Other parts of this series:
In this series, I am exploring some of the technologies that were hyped as being “disruptors” to the insurance industry over the past decade, to see if they lived up to the hype. Last week I explored the sharing economy. This week, I am examining the success of Telematics.
In 2011, you couldn’t open an industry publication without being told how our future would be shaped by telematics. How did that future play out?
There is no doubt that many insurance companies have been investing in telematics platforms. However, less than 5% of vehicle owners have tried the various offerings and it remains a fringe product in the eyes of many consumers.
This slow adoption is likely the result of a number of factors. First, insurers have to build an ecosystem to support the service; this included not only technology platforms and tools, but also new actuarial approaches and underwriting rules. Second, from the beginning, carriers were limited to what they could do by the regulators who initially viewed the technology with skepticism.
Consumers have been somewhat reluctant to sign up for a program with an oftentimes obtuse system of driving credits, especially when they also had to install hardware in their vehicle. Privacy and cyber security concerns also made them question whether the value of the possible premium credit made the risk worthwhile.
With a bit of experience under their belts, insurers are changing the nature of the programs. The reliance on premium discounts is being shifted to building stronger customer relationships, advice and safety. Studies have found that young people are open to embracing the technology and the auto industry is quickly introducing vehicles that come preloaded with the sensors required, hopefully eliminating the need for after-market hardware and lowering the barriers to entry.
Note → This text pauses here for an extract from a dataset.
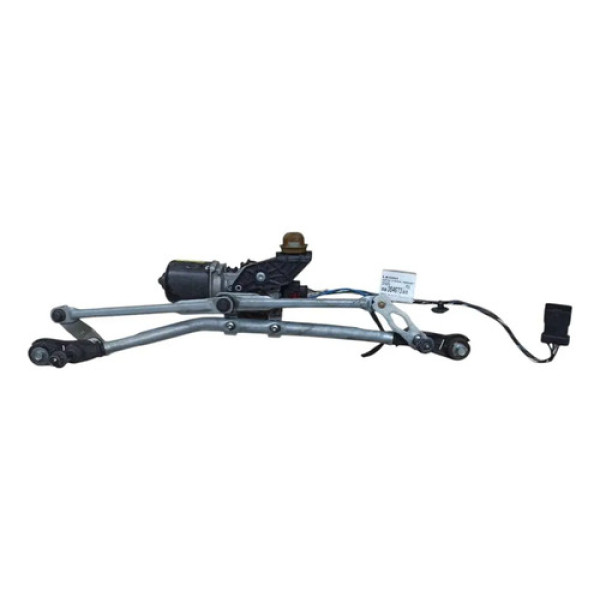 Motor Limpador Para-brisa 208 2021 À 2023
As more insurers bring robust telematics platforms online and regulators open up to more dramatic changes in how rates are calculated, it seems likely that the technology will take firmer hold. The rise of autonomous cars may conflict with the growth of telematics – or the two may merge beautifully.
So far, the disruption promised by telematics has not happened, but with the technology pieces in place, the door is open for companies that wish to be truly innovative and groundbreaking.